La sonde Cassini, qui nous dévoile les merveilles de Saturne, de ses anneaux et de ses satellites, a pris la photographie ci-dessus. On peut y voir la planète et ses anneaux à contre-jour, le Soleil étant masqué par Saturne. Bien au-delà des anneaux habituels, de petits grains de poussière, de quelques microns à quelques millimètres de dimension, diffusent la lumière du Soleil. Au bout de la flèche, un petit point nous fait penser à un satellite de Saturne. En fait, ce point de lumière n’est autre que la Terre qui, vue de Saturne, est angulairement proche du Soleil. A l’heure où ce cliché a été pris, il faisait beau en Suisse. Vous êtes donc sur la photo avec tous vos amis et tous les lecteurs du Temps!

Bien au-delà de la beauté du cliché, ce document symbolise tout ce que l’exploration des astres peut nous apporter. Un physicien ou un chimiste fait des expériences sur les objets qu’il étudie. Il les chauffe, les refroidit, les bombarde, les irradie, les compresse, change leur composition, etc. Il en déduit leurs propriétés. Nous ne pouvons pas faire cela pour mieux connaître la Terre. Pourtant, les problèmes ne manquent pas avec la pollution, le réchauffement climatique, la couche d’ozone. Depuis quelques années, grâce à l’exploration spatiale, nous pouvons comparer la Terre avec les autres planètes. Certaines sont plus ou moins froides, d’autres plus ou moins chaudes, d’autres plus ou moins denses. Nous sommes capables de comprendre le rôle de chaque facteur. Par exemple, les volcans terrestres ne sont qu’un cas particulier d’un phénomène plus général d’évacuation de chaleur sur d’autres surfaces. En ces temps de tempêtes, nous venons de découvrir dans l’atmosphère de Saturne des cyclones avec des vents soufflant à plus de 600 km/h sur les parois ainsi que des vents équatoriaux de plus de 1800 km/h. Cela permet aux météorologistes terrestres de tester leurs modèles dans ces conditions extrêmes, et de les améliorer. Plus généralement, la Terre n’est pas seule dans l’espace.

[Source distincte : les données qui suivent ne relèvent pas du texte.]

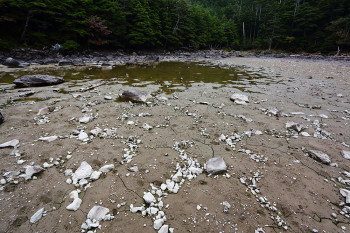 亀甲池と構造土の様子（9月27日撮影）　Photo by Kenji Shimadate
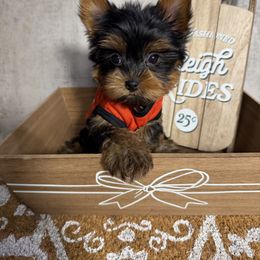 Justin - Black and gold male Yorkshire Terrier puppy in Maple Heights, Ohio from Yorkiesllc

Elle est une planète parmi d’autres et nous ne progresserons qu’en développant cette nouvelle science qu’est la planétologie comparée.

Nous pouvons mesurer les progrès réalisés depuis Voltaire, qui, dans ses Lettres philosophiques, disait: «Consolons-nous de ne pas savoir les rapports qui peuvent être entre une araignée et l’anneau de Saturne et continuons à examiner ce qui est à notre portée.» Aujourd’hui Saturne est à notre portée! (3 mars 2010).